**SOURCE DATA**
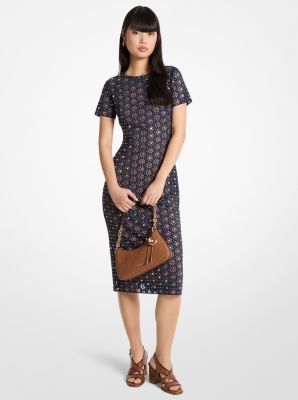 Laser Cut Mirror Scuba Midi Dress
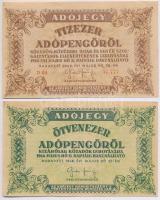 1946. 10.000AP sorszámozott, eltolódott nyomat, illesztőkeret látszik, "5.970" rendelettel + 50.000AP sorszám nélkül, eltolódott nyomat, illesztőkeret látszik T:III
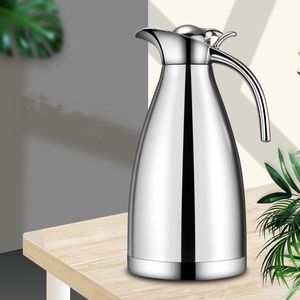 Coffee Pot Milk Tea Jug European 1.5/2L Vacuum Insulation Double Wall Stainless Steel Water Carafe Flask Thermal Thermos Bottle 201127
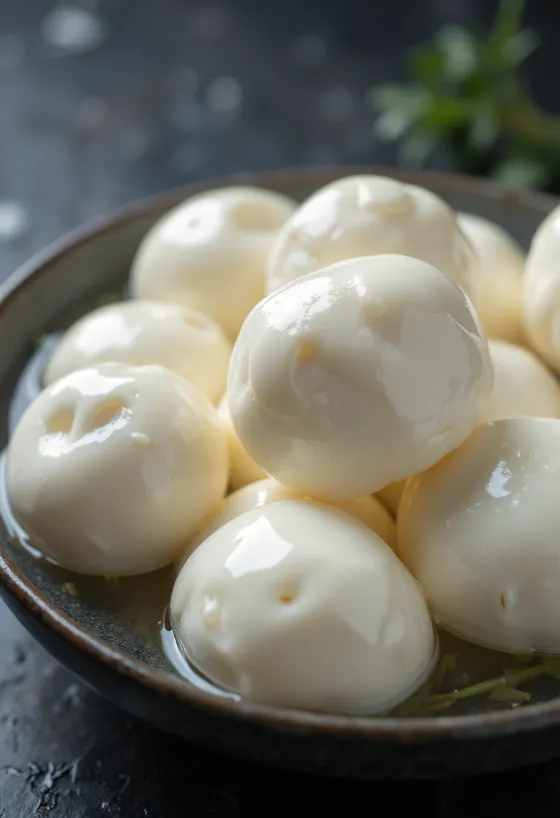 Mozzarella di bufala fresca in ciotola di ceramica su tavolo in legno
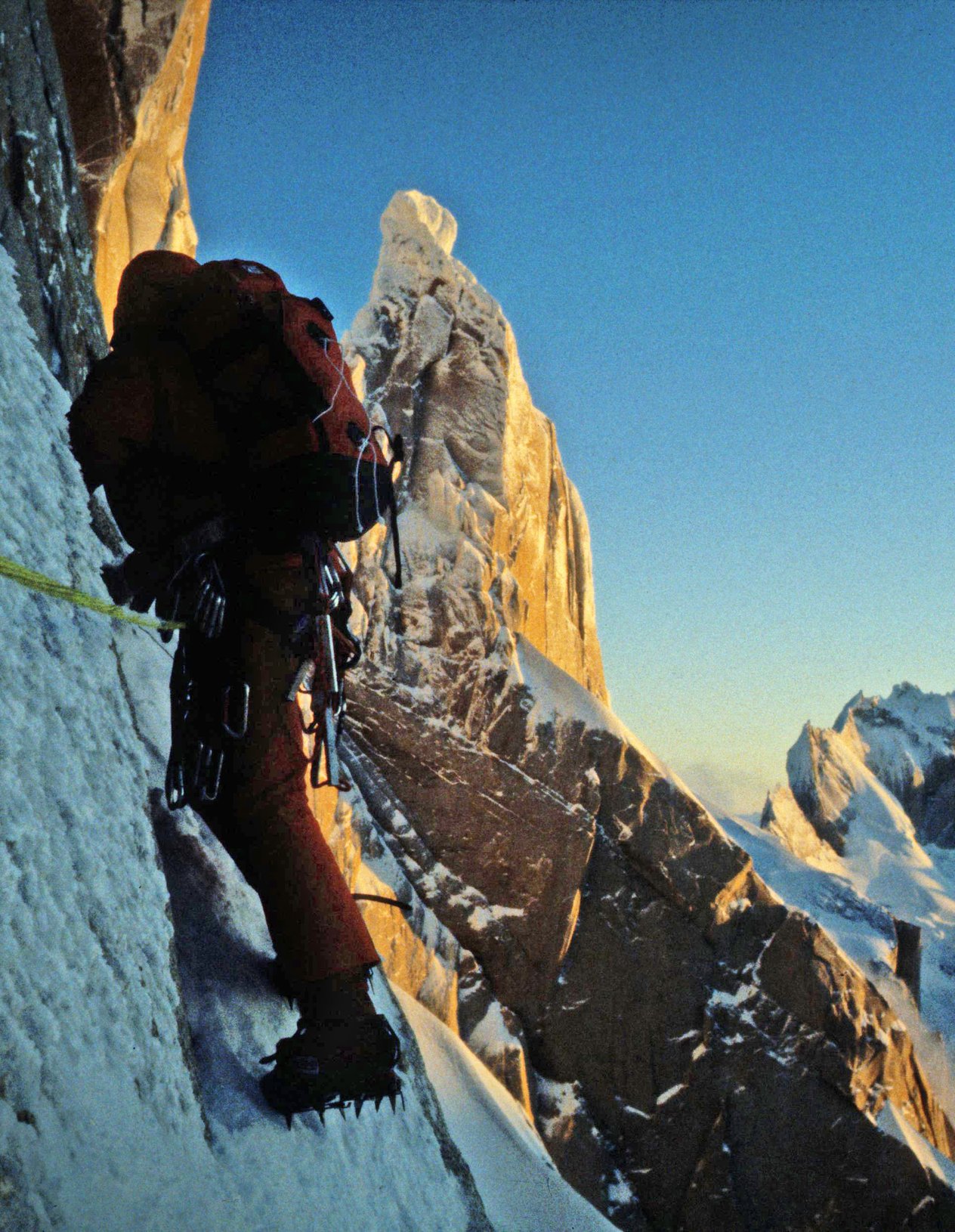 alpinista in azione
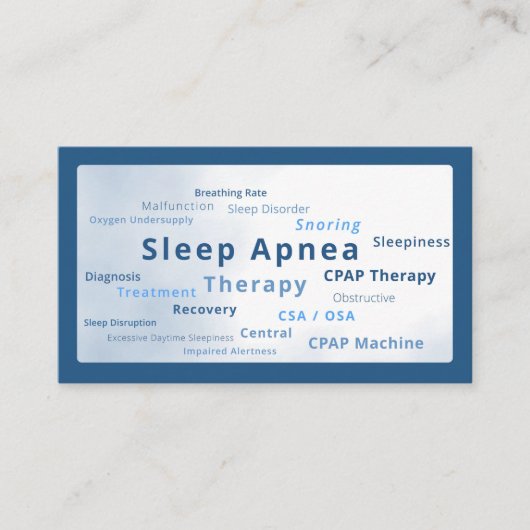 睡眠時無呼吸CPAPマシンセラピーCSA OSA 名刺 (正面)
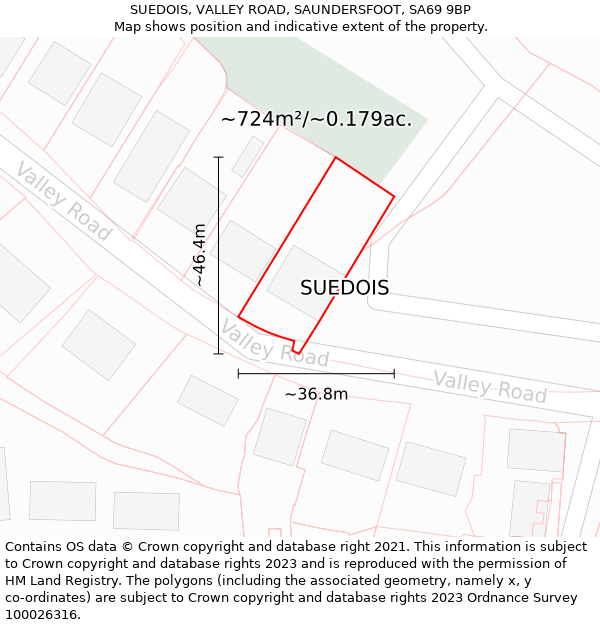 SUEDOIS, VALLEY ROAD, SAUNDERSFOOT, SA69 9BP: Plot and title map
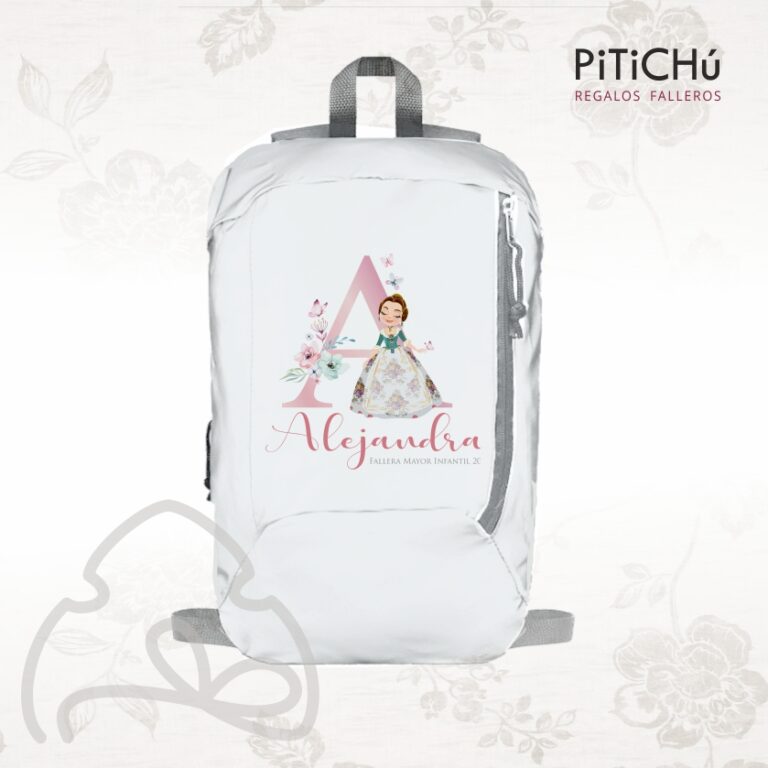 Mochila Fallera Personalizable Con Inicial Y Fallerita Pitich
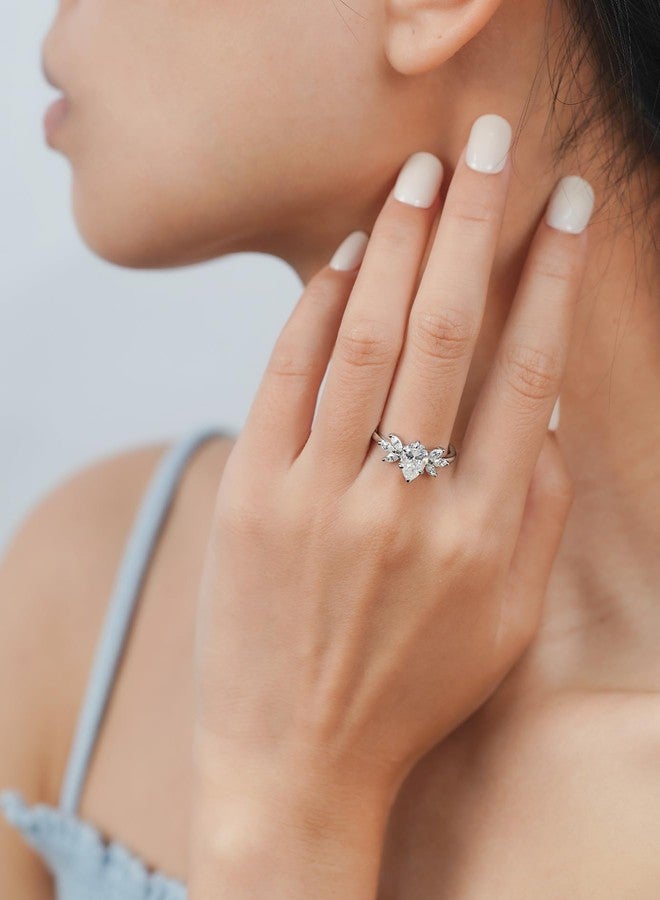 IMOLOVE Moissanite Engagement Ring for Women, Pear Shaped with Marquise Floral Side Stones, 925 Sterling Silver Wedding Band, Sparkling Bridal Promise Ring Size 6.5 - Shine Bright, Spend Light - Image 4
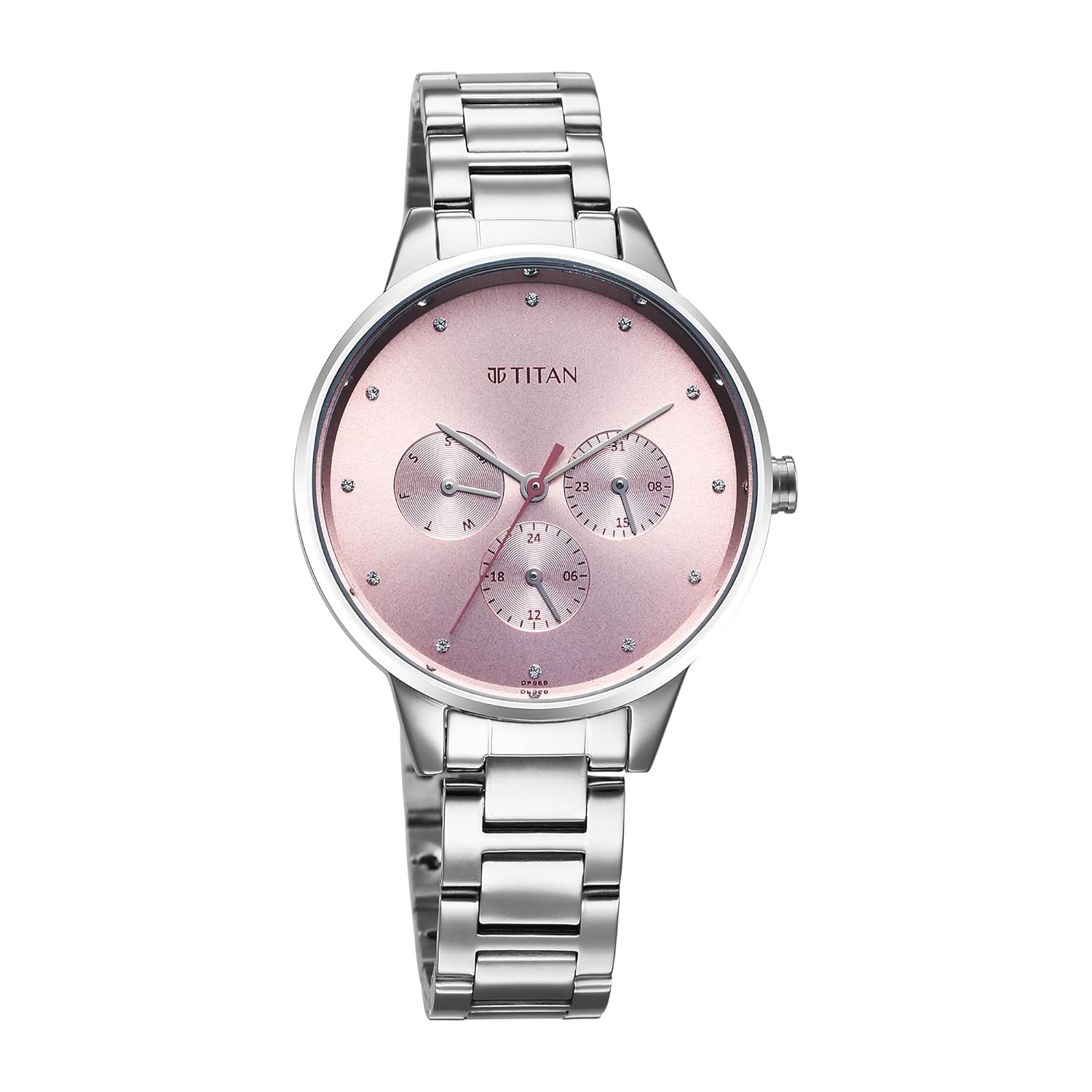 Titan Razzle Dazzle Quartz Analog with Day and Date Pink Dial Silver Stainless Steel Strap Watch For Women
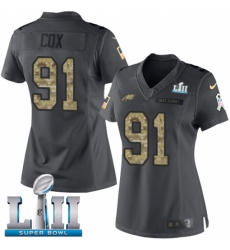 Women's Nike Philadelphia Eagles #91 Fletcher Cox Limited Black 2016 Salute to Service Super Bowl LII NFL Jersey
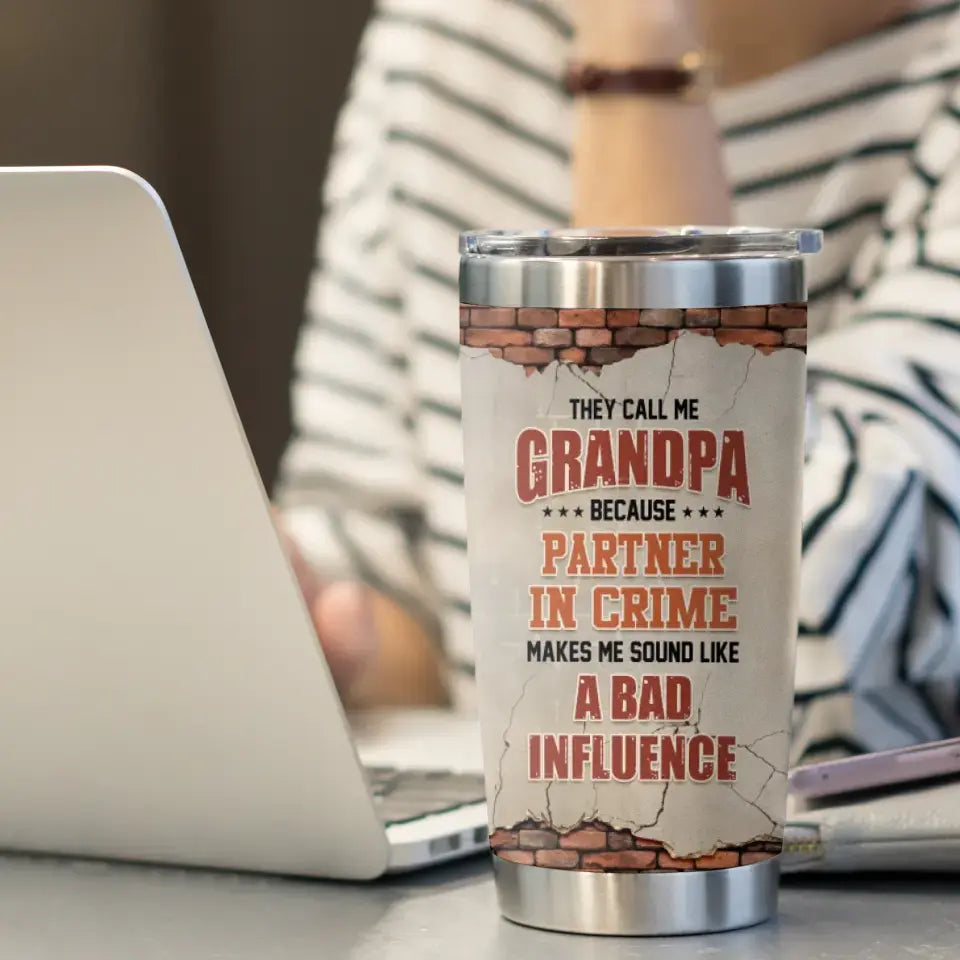 Badass Grandpa - Custom Name - Personalized Gifts For Grandpa - 20oz Tumbler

**WHAT TO DO**
The output should consist of the records above, reproduced exactly, without pictures.

**EXERCISE OUTPUT**
 Laser Cut Mirror Scuba Midi Dress
 1946. 10.000AP sorszámozott, eltolódott nyomat, illesztőkeret látszik, "5.970" rendelettel + 50.000AP sorszám nélkül, eltolódott nyomat, illesztőkeret látszik T:III
 Coffee Pot Milk Tea Jug European 1.5/2L Vacuum Insulation Double Wall Stainless Steel Water Carafe Flask Thermal Thermos Bottle 201127
 Mozzarella di bufala fresca in ciotola di ceramica su tavolo in legno
 alpinista in azione
 睡眠時無呼吸CPAPマシンセラピーCSA OSA 名刺 (正面)
 SUEDOIS, VALLEY ROAD, SAUNDERSFOOT, SA69 9BP: Plot and title map
 Mochila Fallera Personalizable Con Inicial Y Fallerita Pitich
 IMOLOVE Moissanite Engagement Ring for Women, Pear Shaped with Marquise Floral Side Stones, 925 Sterling Silver Wedding Band, Sparkling Bridal Promise Ring Size 6.5 - Shine Bright, Spend Light - Image 4
 Titan Razzle Dazzle Quartz Analog with Day and Date Pink Dial Silver Stainless Steel Strap Watch For Women
 Women's Nike Philadelphia Eagles #91 Fletcher Cox Limited Black 2016 Salute to Service Super Bowl LII NFL Jersey
 Badass Grandpa - Custom Name - Personalized Gifts For Grandpa - 20oz Tumbler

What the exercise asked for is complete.